Without the pictures, copy all of the data exactly.

Source data:
--

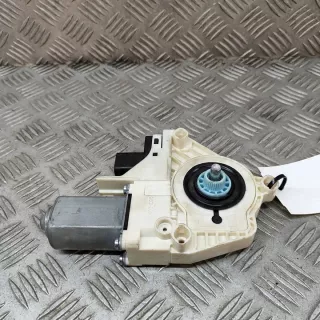 G03483100 Моторчик стеклоподъемника Tesla model Y Арт e12459367, вид 2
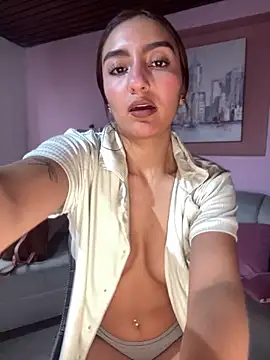 Snapshot of ZoeJohnson_Pink chatting on 11.28.25 ZoeJohnson Pink online show from 11.28.25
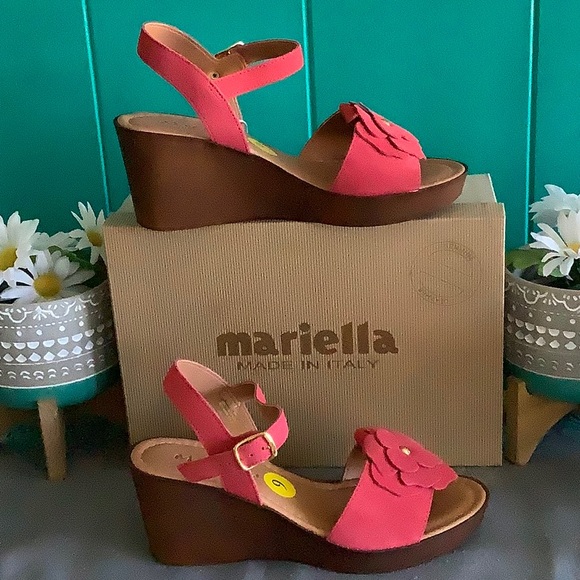 Box 25. BNIB MARIELLA CORAL SANDAL Flower Designed Size 9 - Picture 4 of 8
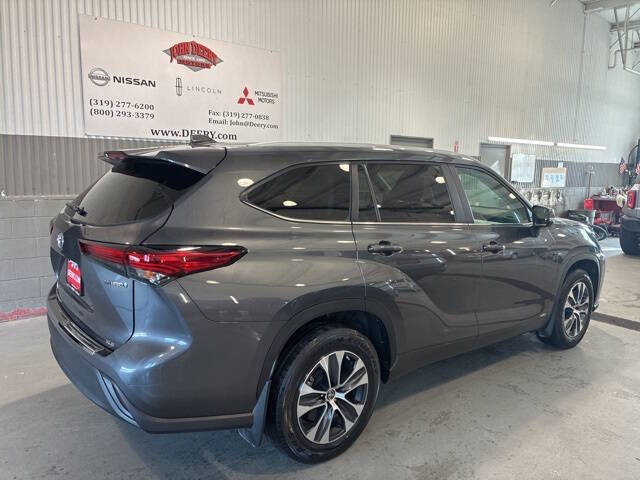 2023 Toyota Highlander Hybrid XLE
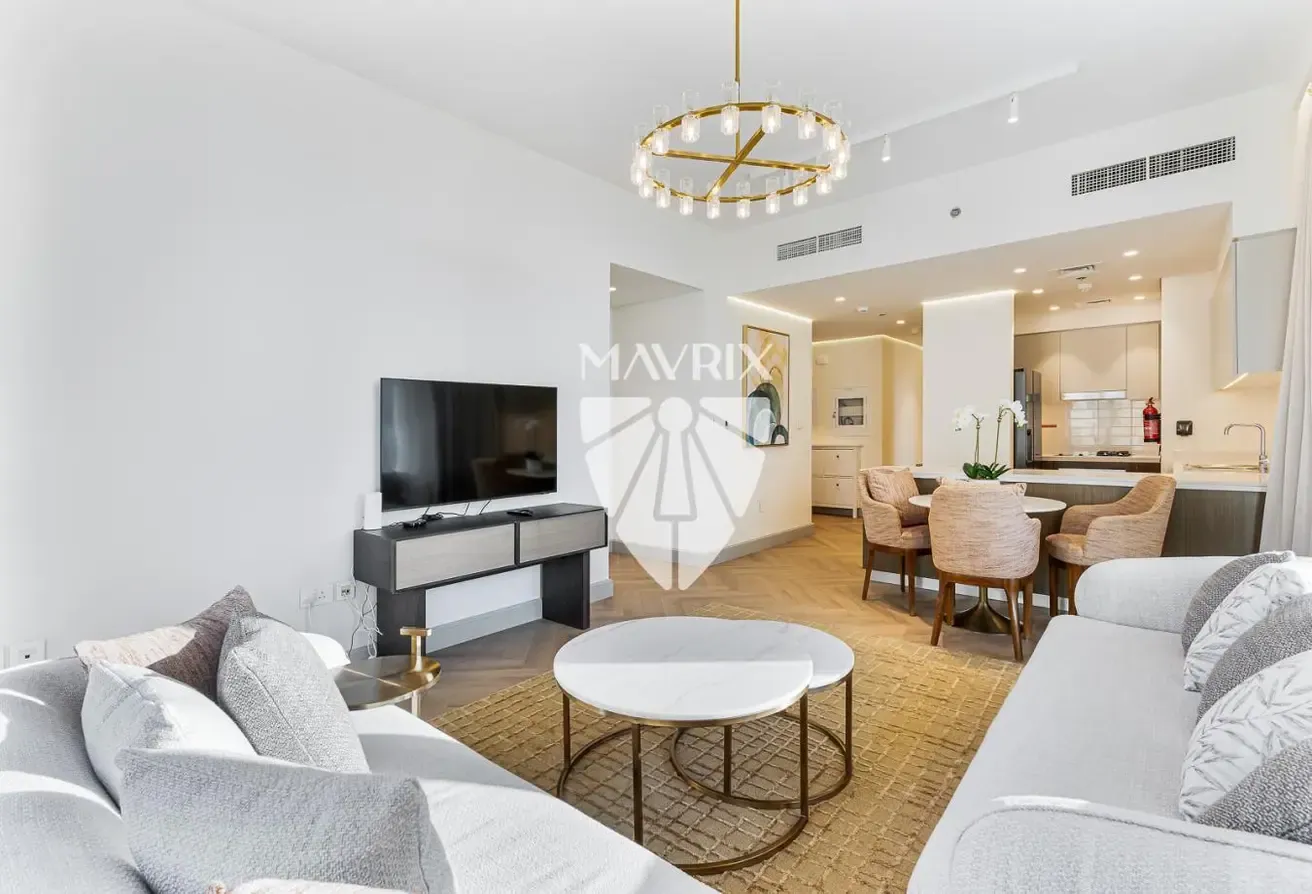 Vacant Corner Unit | Prime Location | Furnished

--

Result:
 G03483100 Моторчик стеклоподъемника Tesla model Y Арт e12459367, вид 2
 Snapshot of ZoeJohnson_Pink chatting on 11.28.25 ZoeJohnson Pink online show from 11.28.25
 Box 25. BNIB MARIELLA CORAL SANDAL Flower Designed Size 9 - Picture 4 of 8
 2023 Toyota Highlander Hybrid XLE
 Vacant Corner Unit | Prime Location | Furnished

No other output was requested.